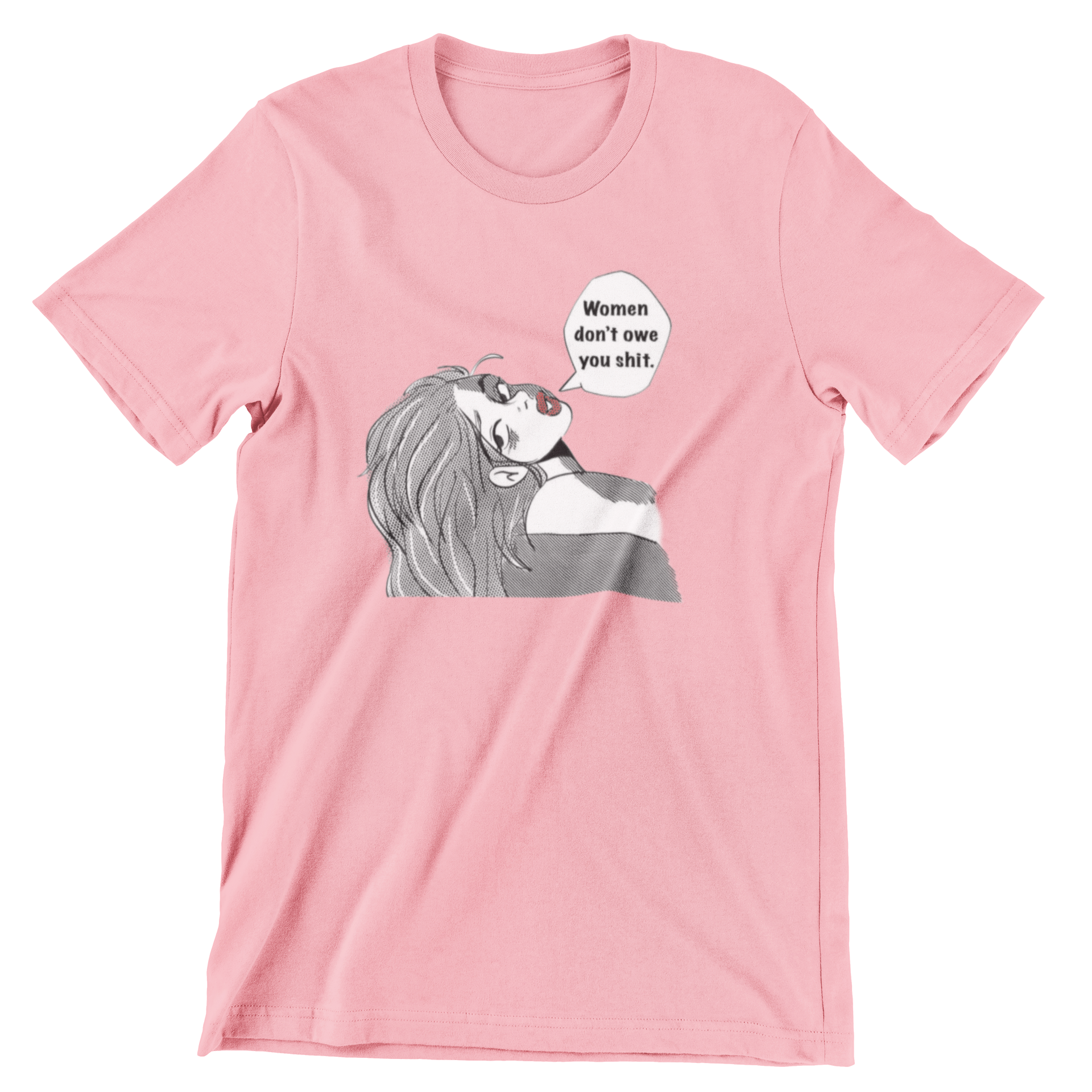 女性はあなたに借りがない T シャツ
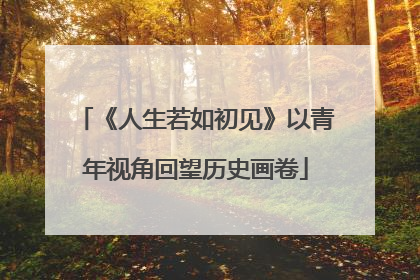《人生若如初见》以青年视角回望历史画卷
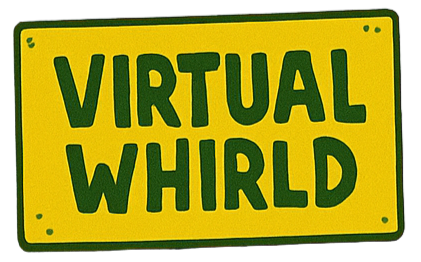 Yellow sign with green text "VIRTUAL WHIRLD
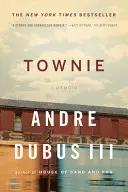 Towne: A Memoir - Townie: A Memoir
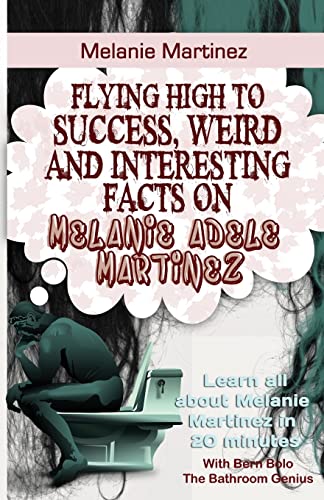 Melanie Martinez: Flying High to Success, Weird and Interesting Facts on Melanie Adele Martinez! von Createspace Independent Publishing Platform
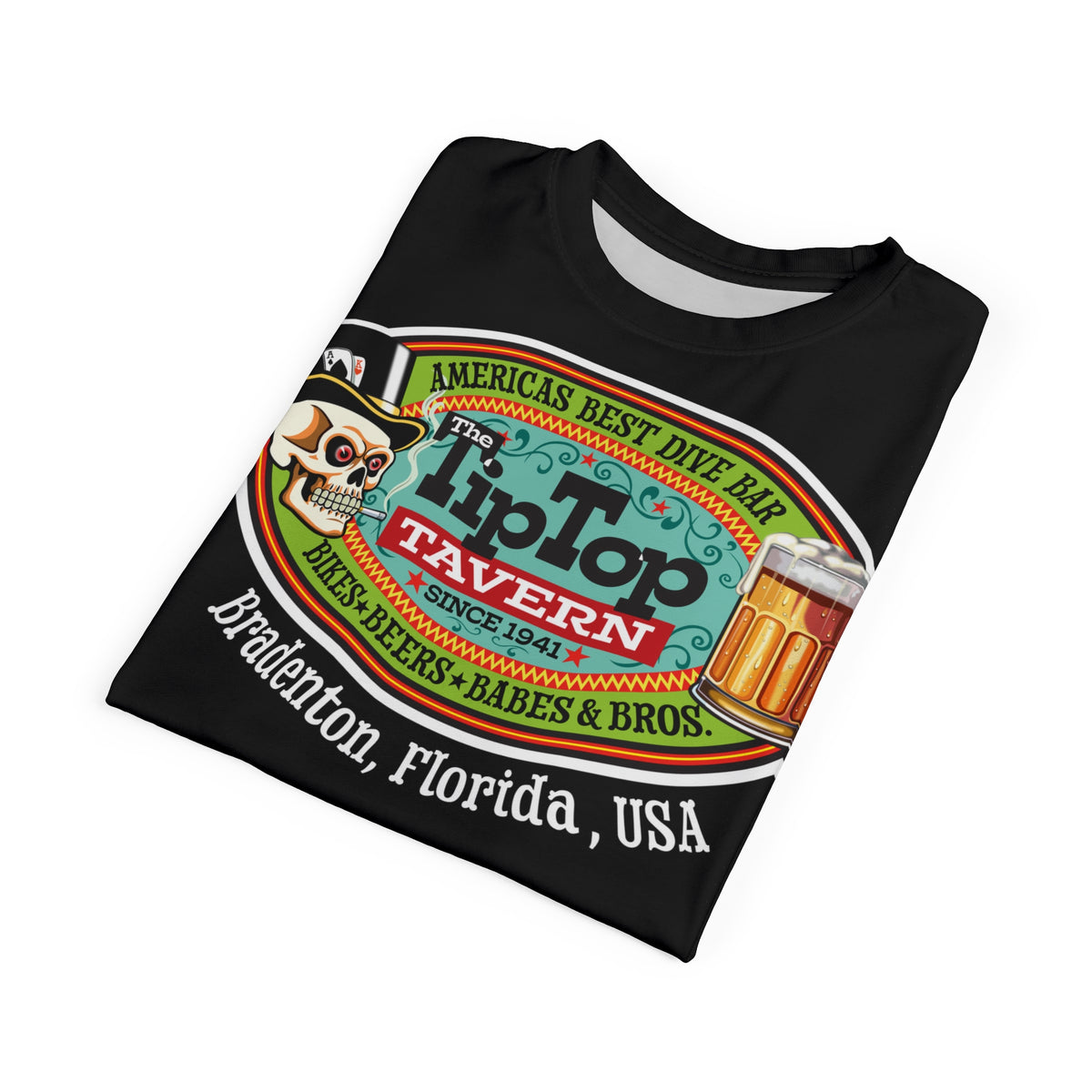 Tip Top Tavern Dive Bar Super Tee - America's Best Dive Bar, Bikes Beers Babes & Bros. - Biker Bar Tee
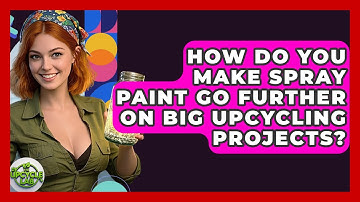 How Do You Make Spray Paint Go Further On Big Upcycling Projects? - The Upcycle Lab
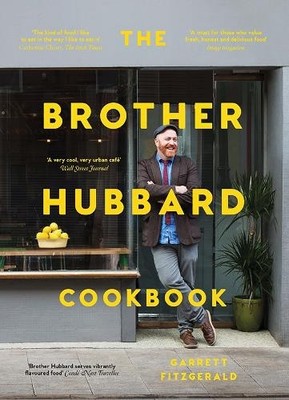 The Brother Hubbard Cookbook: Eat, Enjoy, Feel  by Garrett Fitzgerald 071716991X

...

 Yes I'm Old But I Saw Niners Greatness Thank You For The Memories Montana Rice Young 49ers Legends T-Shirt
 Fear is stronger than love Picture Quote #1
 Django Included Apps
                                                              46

* * *

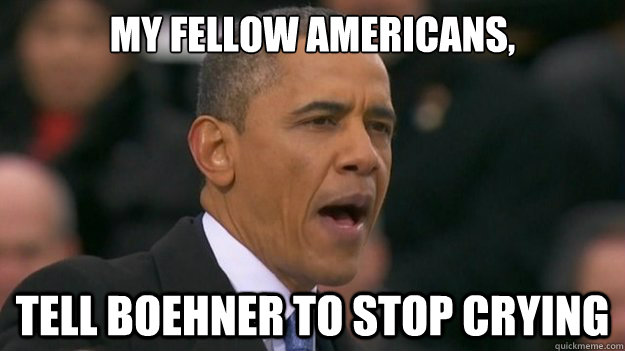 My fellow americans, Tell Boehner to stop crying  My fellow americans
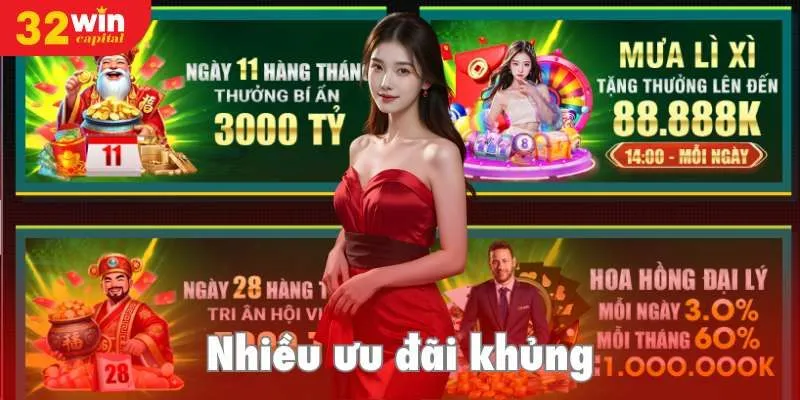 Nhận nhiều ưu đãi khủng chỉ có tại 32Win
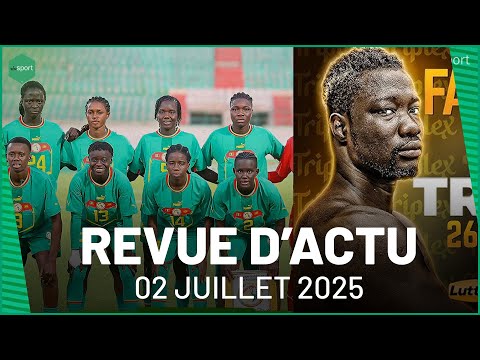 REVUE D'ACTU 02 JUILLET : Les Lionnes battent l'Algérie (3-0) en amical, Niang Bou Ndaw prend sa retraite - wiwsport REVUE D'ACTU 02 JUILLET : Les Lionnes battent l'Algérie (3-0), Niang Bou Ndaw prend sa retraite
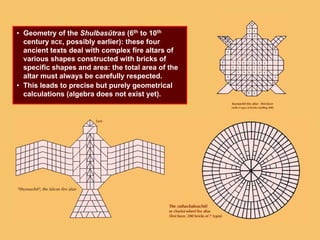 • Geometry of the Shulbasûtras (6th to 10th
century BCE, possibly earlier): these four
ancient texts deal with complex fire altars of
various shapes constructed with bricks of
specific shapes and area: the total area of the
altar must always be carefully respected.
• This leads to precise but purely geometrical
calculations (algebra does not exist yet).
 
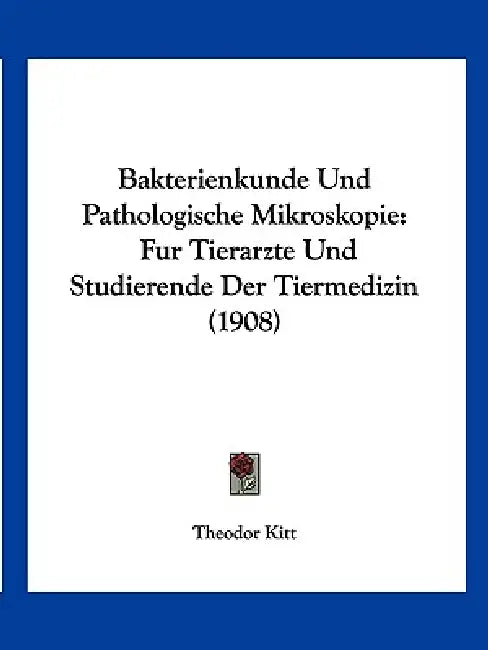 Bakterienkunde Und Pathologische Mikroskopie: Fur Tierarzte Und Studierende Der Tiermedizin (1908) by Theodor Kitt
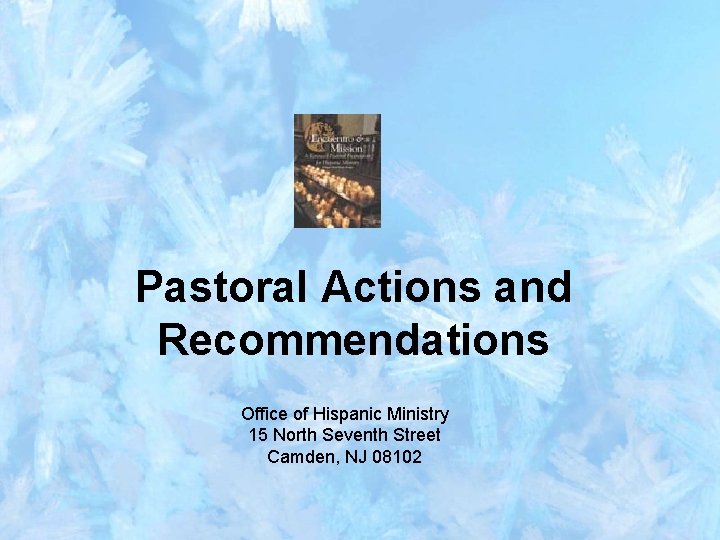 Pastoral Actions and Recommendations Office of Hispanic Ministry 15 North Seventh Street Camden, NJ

## What you have to do
With "shapes" as the string to find, copy every line of the records that holds it.

## Solution to the exercise
various shapes constructed with bricks of
specific shapes and area: the total area of the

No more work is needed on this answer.